In [None]:
# Importing numpy 
import numpy as np

""" 
1) Class: matrix
You will code a class called matrix, which will have an attribute called array_2d. 
This attribute is supposed to be a NumPy array containing numbers in two dimensions. The class matrix must have the following methods:
(in these, the parameters are in addition to self)

"""

class matrix:
    """
    Load_from_csv:
    This method should have one parameter, a file name (including, if necessary, its path and extension). 
    This method should read this CSV file and load its data to the array_2d of matrix. Each row in this file should be a row in array_2d.
    """
    def load_from_csv(self, filename : str):
        
        #Loads the matrix from a csv
        f = open(filename, 'r')
        lines = f.readlines()

        data = []
        for l in lines:
            vals = list(map(float, l.split(',')))
            data.append(vals)

        self.array_2d = np.array(data)

        f.close()

        return self.array_2d
    
    def __init__(self, filename=None, arr=None):
        #Constructor function for Matrix
       
        if filename is not None:
            self.array_2d = self.load_from_csv(filename)

        if arr is not None:
            self.array_2d = arr
    """
    Standardize:
    This method should have no parameters.
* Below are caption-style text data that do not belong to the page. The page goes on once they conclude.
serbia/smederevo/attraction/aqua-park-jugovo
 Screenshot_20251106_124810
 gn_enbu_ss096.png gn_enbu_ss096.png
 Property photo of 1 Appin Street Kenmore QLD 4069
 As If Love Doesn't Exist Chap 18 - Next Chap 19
It should standardise the array_2d in the matrix calling this method.

    """
    def standardise(self):  
        
        #Standardizing the array 
        average = np.mean(self.array_2d, axis =0)
        maxValue = np.max(self.array_2d, axis =0)
        minValue = np.min(self.array_2d, axis =0)
        standardizedArray = []
        for eachrow in self.array_2d:
            stdRow = []
            stdStr = ''
            for colNo in range(len(eachrow)):
                stdRow.append((eachrow[colNo] - average[colNo]) / (maxValue[colNo] - minValue[colNo]))
            standardizedArray.append(stdRow)
        return np.array(standardizedArray)
        
    """
    get_distance:
    This method should have three parameters, two matrices (let us call them other_matrix and weights) and a number (let us call it beta). 
    If the matrix calling this method and the matrix weights have only one row, 
    this function should return a matrix containing the weighted Euclidean distance between the row in the matrix calling this method and each of the rows in other_matrix.

    """
    def get_distance(self, other_matrix, weights, beta):
        """
        It calculates the distance between this row and every row in "other_matrix"
        using the weights and beta.
        """

        if self.array_2d.shape[0] == 1:
            dists = np.zeros((other_matrix.array_2d.shape[0], 1))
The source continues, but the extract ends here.